FREDRIK JACOBSON: Yeah, it was. I didn't want to get too excited about anything. I just wanted to -- since my goal was to put as good of a swing and as good of a routine as I could on each shot because I feel I've had a good mantra going for a couple of weeks here.
You know, I didn't want to get too excited and start hitting the ball any harder or start swinging it longer or get any of those things. So I just wanted to -- I'm excited enough out there and I've got enough will that I thought I didn't need to pile myself up anymore.

Q. I think you're the eighth first-time winner this season. I'm wondering if it seems there's a pattern there, why so many guys are kind of breaking through this early in the year.
FREDRIK JACOBSON: I don't know. I mean I guess it goes in cycles sometimes. It's been a lot of maybe -- yeah, I haven't really thought about it, so I don't really know what to say on that one, but I guess it's good to get a bunch of guys in the mix, to get more players to win tournaments and to spread it out, I guess. You know, especially get some young guys like Rory winning last week, I think that was huge for golf. I think it's really exciting playing with that class, the way he strikes the ball. You know, that might have been his second win over here, but that was his first major, and I thought that was a spectacular one to see him do so well.

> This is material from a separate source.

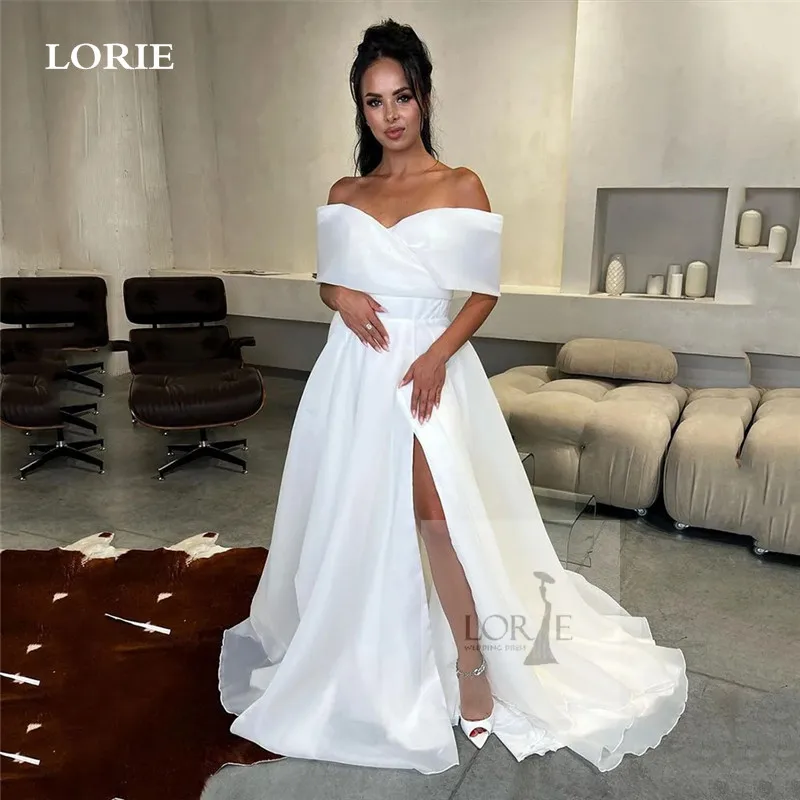 

LORIE Organza Princess Wedding Dresses Off The Shoulder Bride Dress Vestidos de novia Split Wedding Gown 2024 Plus Size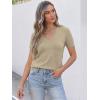 image:imageANRABESS Women Short Sleeve Sweaters Wool Blend V Neck Sweater Shirts Business Casual Work Tops 2026 Summer Vacation OutfitsAlmond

Q. There weren't too many birdies hit today. So how much confidence does that give you finishing off the front nine with the birdie?
FREDRIK JACOBSON: Yeah. That was nice because I think that was the first putt I made that had any length to it. I made a couple of putts from like four or five feet for birdies, which is certainly nice to make those. But I kept putting up good chances, and I felt that was close, and it was nice to get.
You make one of those like 20-footers or something, you suddenly feel like you see the line a little bit clearer after you see one go in or feel a little more comfortable, so I think in that aspect it was really nice.

Q. You said you're playing next week and then taking three weeks off?
FREDRIK JACOBSON: Yeah. Does this get me into the British? I don't know. Won't be that much time off.
JOHN BUSH: There's a many Money List and you currently lead that. The last event in that is next week at the at & t.
FREDRIK JACOBSON: How many spots is that?
JOHN BUSH: About two.
FREDRIK JACOBSON: All right. I'll let you know next week. How about that?

Q. Correct me if I'm wrong, but I heard that there's like a joke with your friends that they call you best handicapper in the world?
FREDRIK JACOBSON: I haven't heard that one before. But maybe it's something they don't want to tell me straight up. It's out now though, eh? Who was it?

Q. (Indiscernible).
JOHN BUSH: Okay. Thanks a lot. Congratulations.
FREDRIK JACOBSON: All right. Thank you.